Взглянуть на эту загадочную историю с "противоракетной" стороны было очень соблазнительно, и в мае 2001 года я впервые оказался в кабинете ветерана ПРО и пионера сотовой связи России. Знакомство наше состоялось на крутом повороте в его жизни. Как раз тогда Зимин закончил свою вторую карьеру — ушел навсегда из бизнеса — и основательно готовился к третьей — уже не зарабатывать, а тратить деньги. Тратить на поддержку фундаментальной науки.

За последующие годы беседы с ним не только открыли мне новые измерения истории передовой советской техники и своеобразной экономики, но и подарили общение с замечательным интересным человеком. Результатом бесед с Зиминым и его коллегами стала книга "Наука и жизнь Дмитрия Зимина", которую я уже почти подготовил к изданию.

Помимо прочего, в ходе разговора я старался выяснить, что же это за просвещение, которому Дмитрий Борисович посвятил не одно десятилетие своей жизни. И наша "выяснительная" беседа захватывала всё более обширные темы, а устный диалог перетек в переписку, где с темой просветительства переплелись обсуждение угрозы гибели человечества, загадки рождения европейской науки в XVII веке, проблемы взаимоотношения научного познания и моральных принципов…

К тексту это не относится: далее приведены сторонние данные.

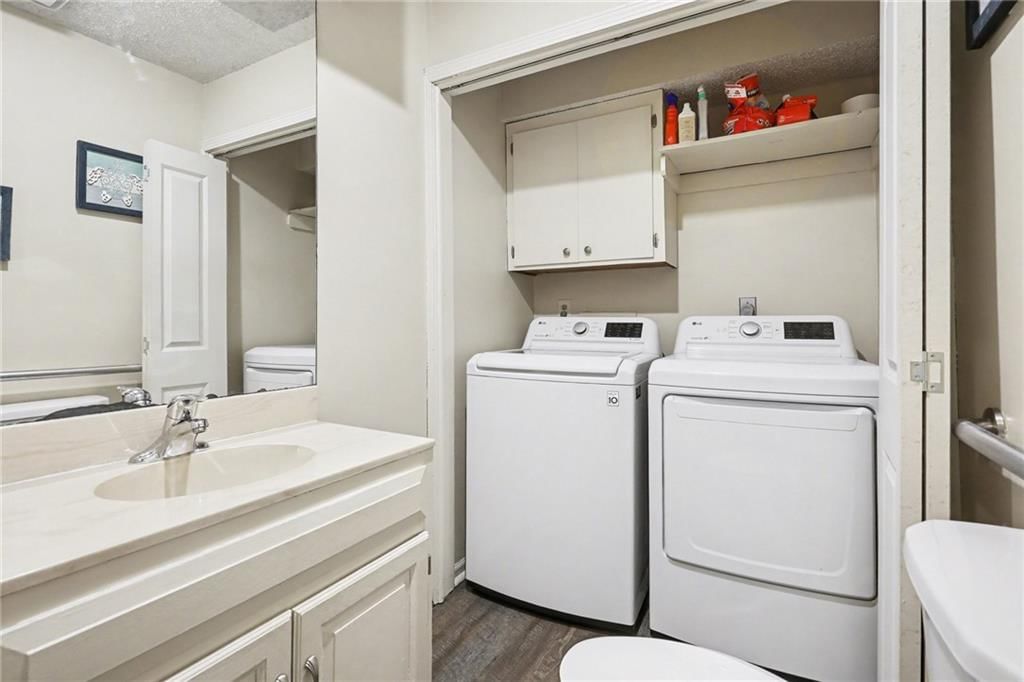 11712 Hardy Street — photo 16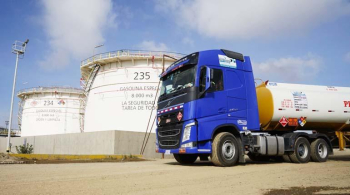 YPFB asegura abastecimiento de combustibles con ingreso al país de 900 cisternas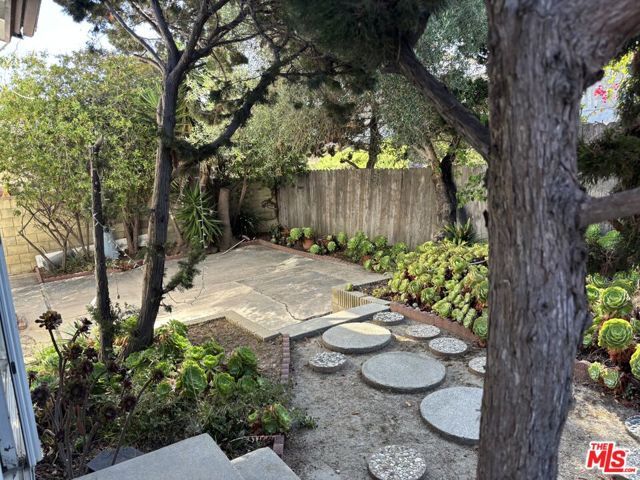 12520 Sanford Street, Los Angeles, CA 90066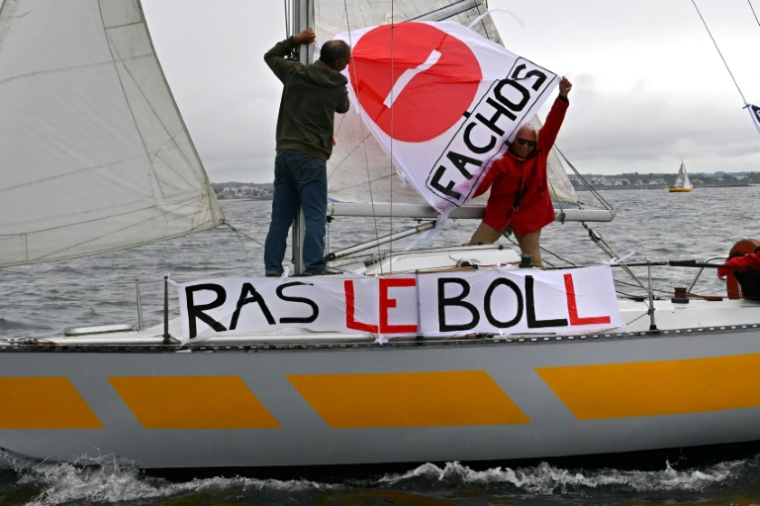 Manifestation maritime contre le milliardaire Vincent Bolloré, appelée par les collectifs "Les Soulèvements de la Terre" et "Levez les Voiles", au large de Concarneau (Finistère), le 24 mai 2025 ( AFP / LOIC VENANCE )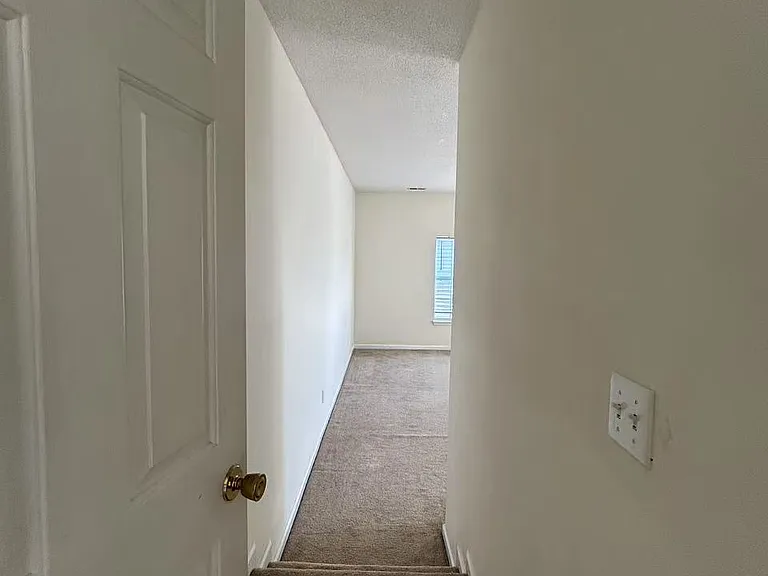 215 Spring Lake Dr — Photo 20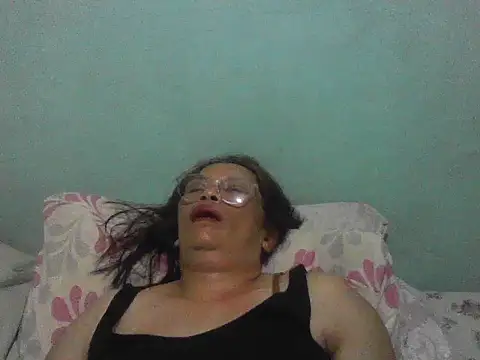 momshe2026 Live chatroom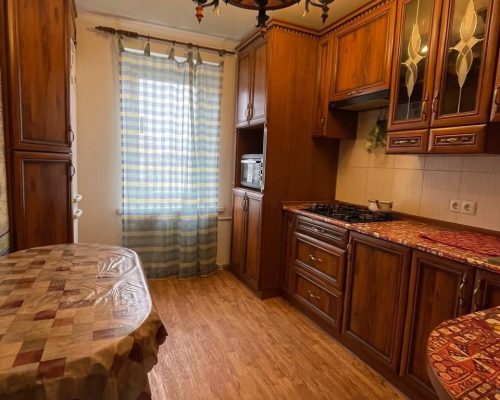 Оренда 3 кімнати 67 кв. м. Водопровідна (Центр) Хмельницький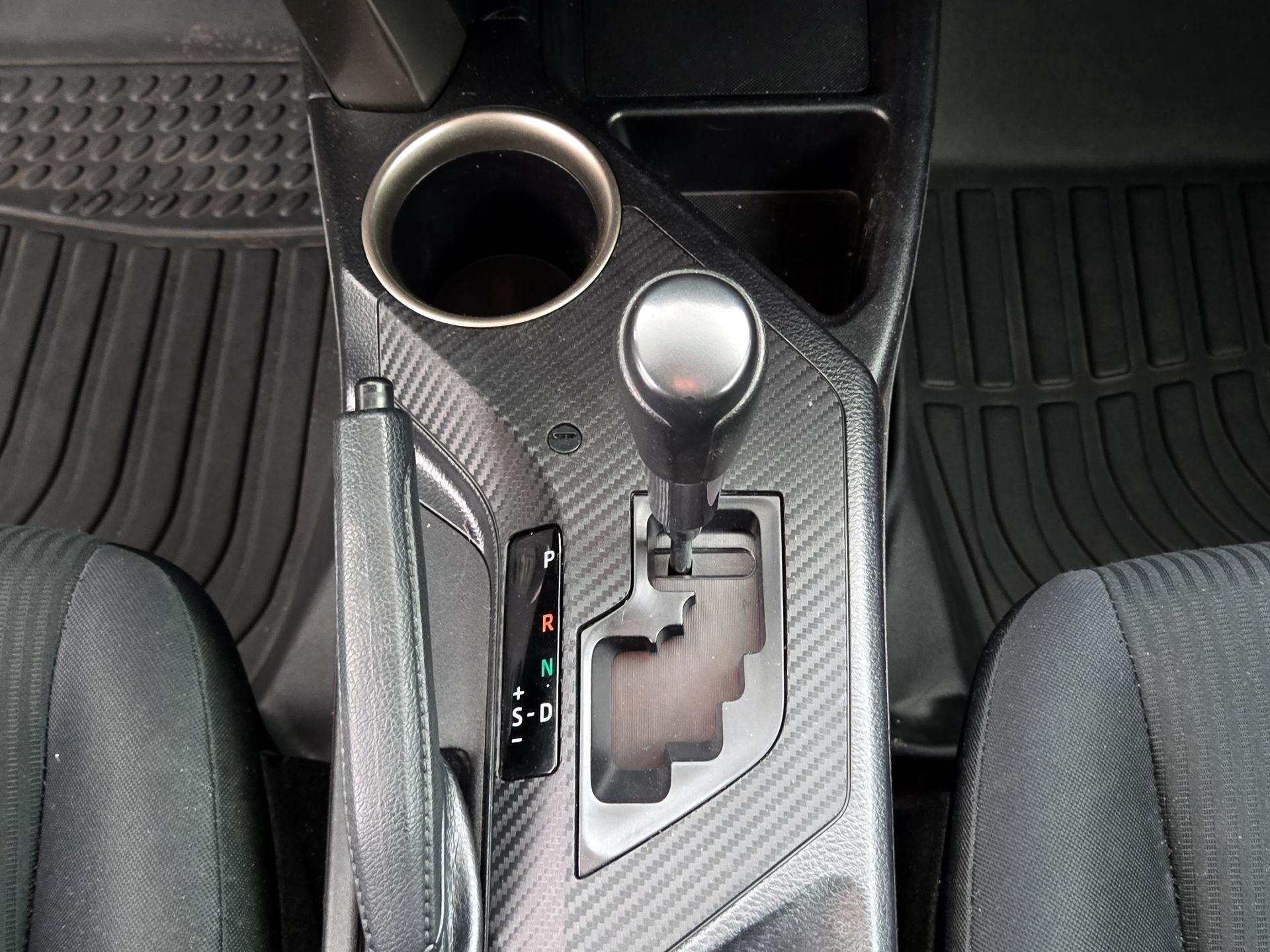Thumbnail: 2015 Toyota RAV4 - 17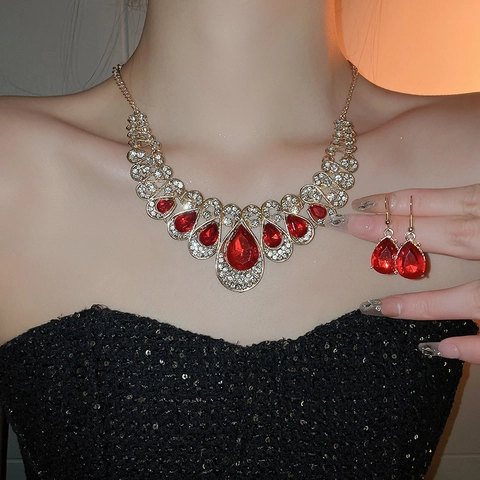 Vintage Palace Style Luxury Teardrop Necklace And Earrings Jewelry Alloy Red Rhinestone Fashion Accessories For Women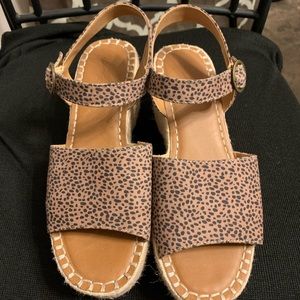 Universal Thread Espadrille Platform Wedge Sandal 9.5 Wide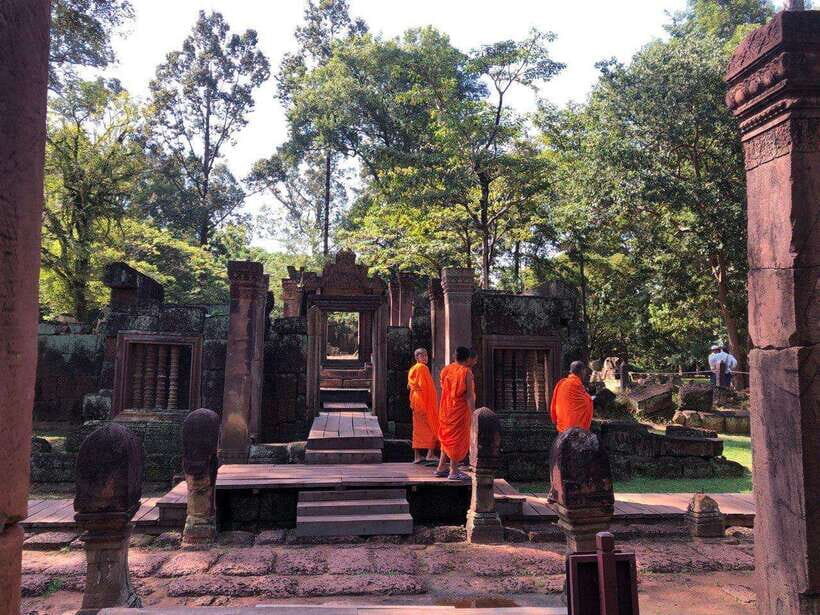 3-Day Exploring Angkor Wat & Siem Reap Highlights Tour. - Day 2: Banteay Srei’s carvings and Phnom Kulen’s sacred nature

О глубоком кризисе, в котором оказалось человечество

— Дмитрий Борисович, в связи с десятилетием основанной вами премии "Просветитель" я задумался, как определить точный смысл этого слова? Полез в словари и сделал открытие: оказывается, понятия "просвещение" и "пропаганда" — это по сути одно и то же: распространение каких-то идей или знаний. А каких именно — истинных или ложных, здоровых или вредных, зависит от "оценочного суждения" того, кто считает себя экспертом. Просвещенные русские писатели — Пушкин, Даль и Лесков — дали несколько интригующих советов, но четкого ответа у них я не нашел.

А как вы сами понимаете слово "просвещение"? Распространению каких идей и знаний хотите вы способствовать?

В недавнем интервью вы сказали, что просветительство — это одна из важнейших задач, стоящих перед интеллигенцией…

— Сейчас я бы убрал "одна из", а просто сказал бы "важнейшая задача". И это связано с представлением о глубоком кризисе, в котором оказалось сейчас человечество. В руки людей благодаря науке и технологии попали орудия невероятной мощи — орудия созидания и разрушения. С нарастающей скоростью, по экспоненте. Новые знания, новые силы, новые военные силы.

Со времен незапамятных, однако, остались стадные инстинкты людей. Условие выживания особи — верность своему стаду, воплощенная в страхе перед вожаком стада и/или в покорной любви к нему. Первобытный патриотизм — "мое стадо", "мой род", "мое племя". Отсюда один шаг до ненависти к соседям, которые могут съесть добытого тобой мамонта, а то и тебя самого.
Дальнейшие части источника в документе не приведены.